EXERCISE:
All lines from the one that contains "Poster Wyeth - O" through the close of the entries below are to be repeated exactly, without any pictures.

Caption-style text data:
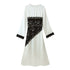 Women Clothing Summer Personalized Lace Stitching Tied Maxi Dress by Ragazza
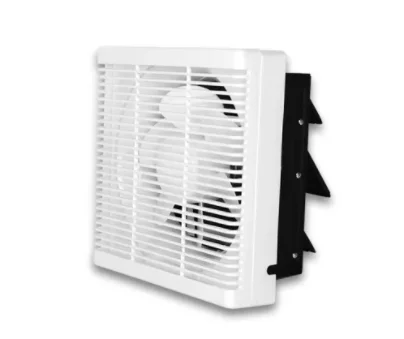 4 6 8 Inch Plastic Square Bathroom Kitchen  LED Ceiling Fans light Wall Mounted Window Shutter Ventilation Air Extractor Fan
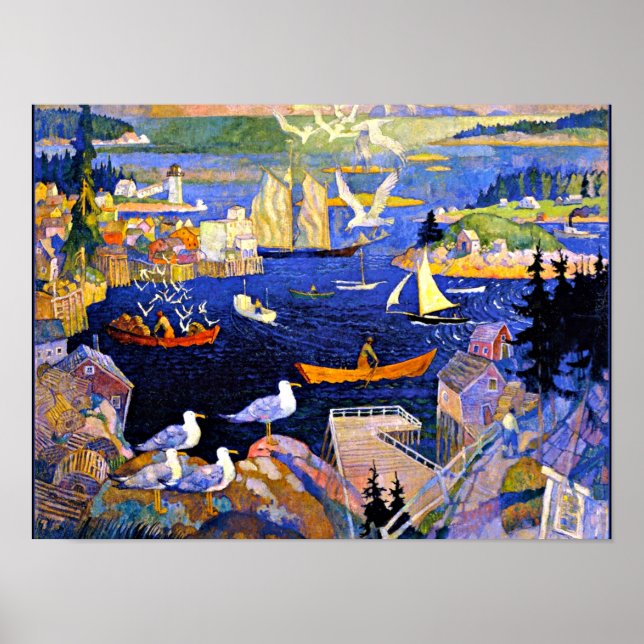 Poster Wyeth - O porto em Herring Cut (Frente)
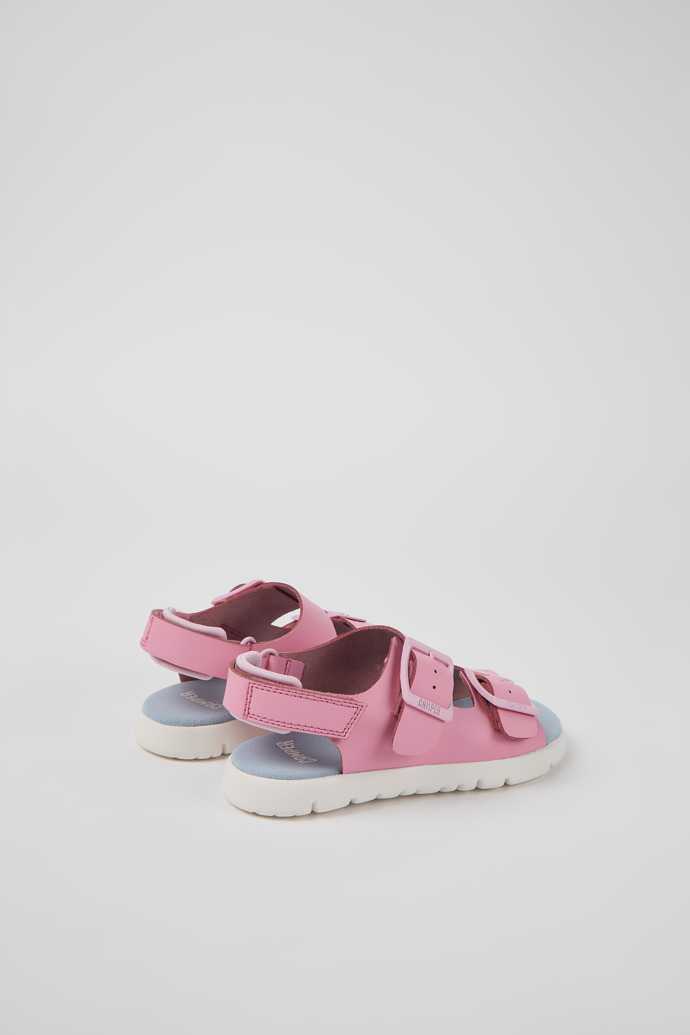 Caterpillar Pink leather sandals for children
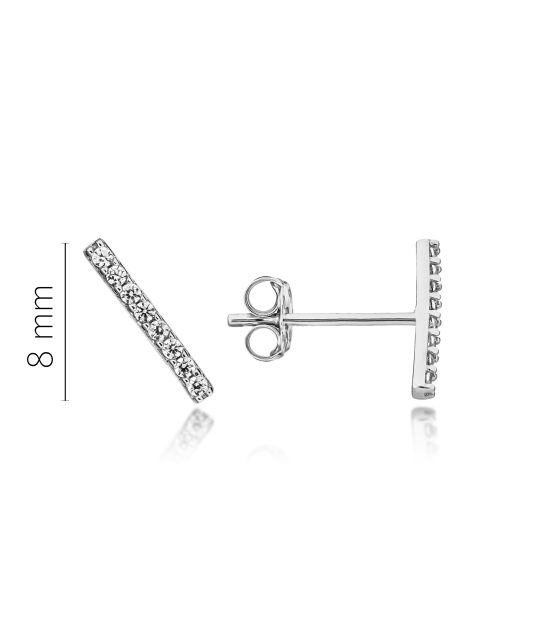 Balto aukso auskarai su cirkoniais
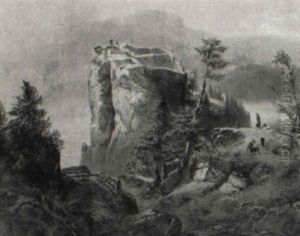 Goat Herders In A Mountainous Landscape Goat Herders In A Mountainous Landscape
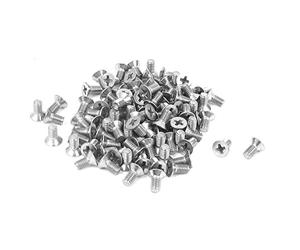 sourcing map M3 x 6mm Phillips Flat Head Countersunk Bolts Machine Screws 100pcs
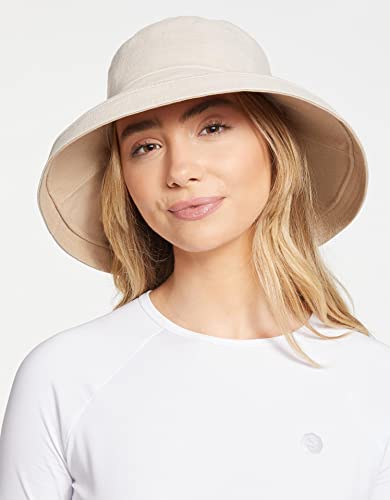 Women's Holiday Sun Hat UPF 50+ (Small-Medium / Natural/Beige)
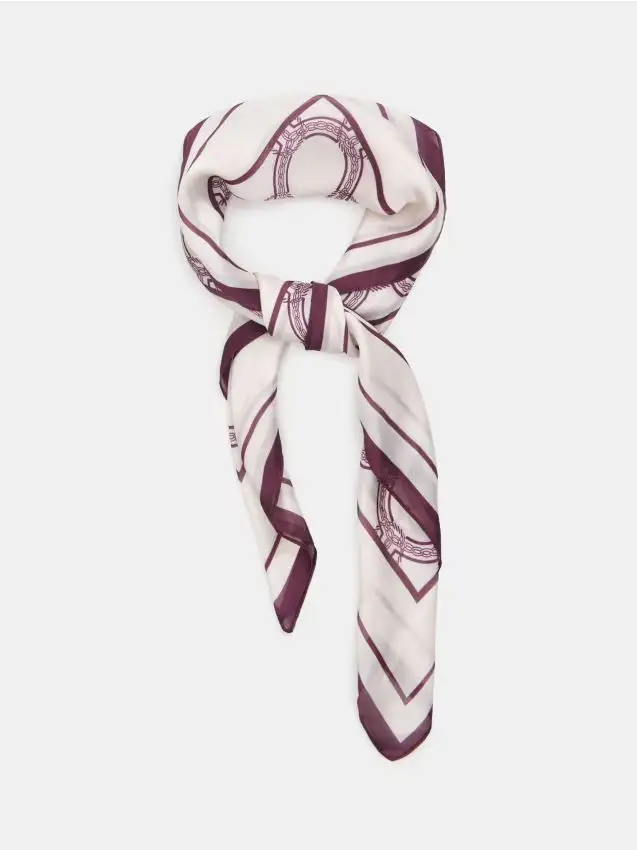 Foulard Con Motivo - panna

YOUR SOLUTION:
 Poster Wyeth - O porto em Herring Cut (Frente)
 Caterpillar Pink leather sandals for children
 Balto aukso auskarai su cirkoniais
 Goat Herders In A Mountainous Landscape Goat Herders In A Mountainous Landscape
 sourcing map M3 x 6mm Phillips Flat Head Countersunk Bolts Machine Screws 100pcs
 Women's Holiday Sun Hat UPF 50+ (Small-Medium / Natural/Beige)
 Foulard Con Motivo - panna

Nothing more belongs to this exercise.